Your Algorithm Sold $1.4 Billion Before Anyone Hit Cancel. Can You Explain Why?
There's a single question that ends most regulatory examinations before they really begin. It isn't "do you have controls?" Everyone has controls. It's quieter than that, and worse:
"Walk me through exactly what this algorithm did on August 5th at 9:47 in the morning."
I've watched smart, well-funded firms freeze on that question. They can pull the order logs. They can show you the trades. What they cannot do is reconstruct the decision chain — why the model sized the position the way it did, why the risk threshold sat where it sat, why a code change three weeks earlier didn't trip anyone's radar. And in 2026, that gap is the whole ballgame. Algorithmic trading compliance has quietly shifted from proving you have guardrails to proving you can explain, after the fact, every move your machine made.
I want to tell you how I came to believe that, because I got it wrong first — expensively wrong — and the way I got it wrong is the same way most of the industry is still getting it wrong.
The $189 Billion That Got Through

Start with Citigroup, because it's the clearest lesson I know.
In May 2022, a Citi trader meant to sell a basket of equities worth $58 million. Through a manual error, they created a basket worth $444 billion instead. Citi's pre-trade controls did their job — mostly. They blocked $255 billion. But $189 billion slipped past the controls and reached a trading algorithm, which dutifully chopped it into sell orders and pushed roughly $1.4 billion into European markets before anyone hit cancel. It triggered a flash crash across European exchanges.

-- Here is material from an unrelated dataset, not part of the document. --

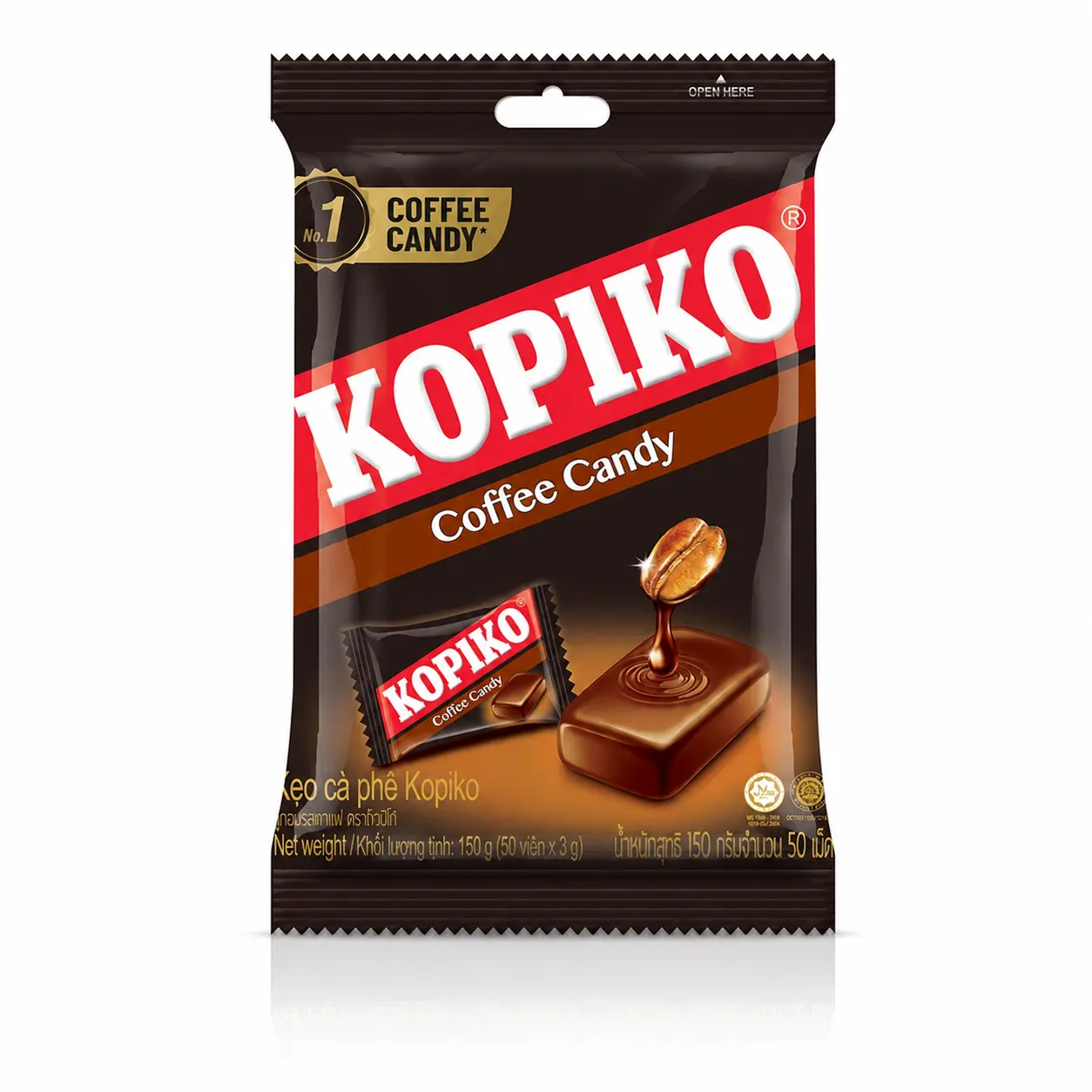 Kẹo cà phê Kopiko coffee indonesia 135G Kopiko coffee indonesia coffee candy 135GG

Here's the part that should keep compliance officers up at night. When BaFin and the UK regulators came in, the damning question wasn't "what happened." Citi could answer that. The question was why — why did the controls let $189 billion through, and why were the thresholds calibrated where they were? Citi could show the orders. They could not adequately reconstruct the algorithm's reasoning or defend the parameters that governed it.
That gap cost them. BaFin fined Citi €12.975 million; two days earlier, British regulators had added £61.6 million for the same incident. Roughly $92 million for one algorithmic failure, across three jurisdictions.
The controls weren't the failure. The inability to explain the controls was the failure.
I keep coming back to that because it inverts how most firms budget. They spend on building more controls and almost nothing on being able to narrate them under oath.
What Does the Examiner Actually Ask?
When I started talking to compliance heads at mid-market banks and asset managers — the firms below the bulge-bracket tier — I'd ask them to role-play an examination with me. It always unraveled in the same three steps.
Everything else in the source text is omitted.